Dado ese caso, Fuentes estima que el país experimentaría una inflación superior al 3% hasta julio o agosto, después de lo cual “esta empezaría a bajar”. El economista advierte, sin embargo, que una escalada en la guerra ocasionaría que la inflación sea mayor.
“El riesgo para el país es que este choque temporal se convierta en un choque casi permanente, pues en ese caso sí va a haber un traslado de los costos de transporte al consumidor de manera constante”, anota. ¿Qué herramientas tiene el Perú para contrarrestar esta amenaza?
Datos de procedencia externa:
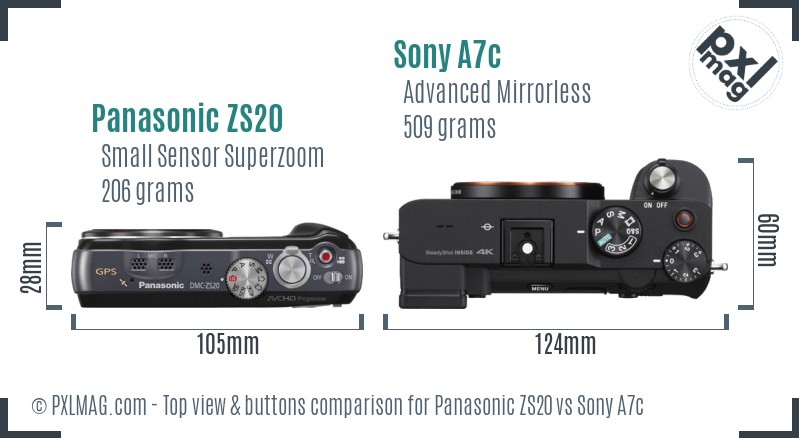 Panasonic ZS20 vs Sony A7c top view buttons comparison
La crisis que se avizora puede ser de tal magnitud, que deberíamos estar en condiciones de activar el Fondo de Estabilización de Precios de los Combustibles (FEPC), refiere Espinoza.
De acuerdo a Fuentes, hay solo dos opciones a las que puede recurrir el Gobierno en circunstancias como esta (de choques fuertes en la oferta): un esquema de subsidios o la activación del FEPC, “el cual ha funcionado bastante bien en su momento”, detalla.
Ocurre, sin embargo, un grave problema con este mecanismo, y es que se halla virtualmente desactivado desde el año pasado debido al retiro voluntario (desafiliación) de sus miembros más representativos: Petro-Perú y Repsol.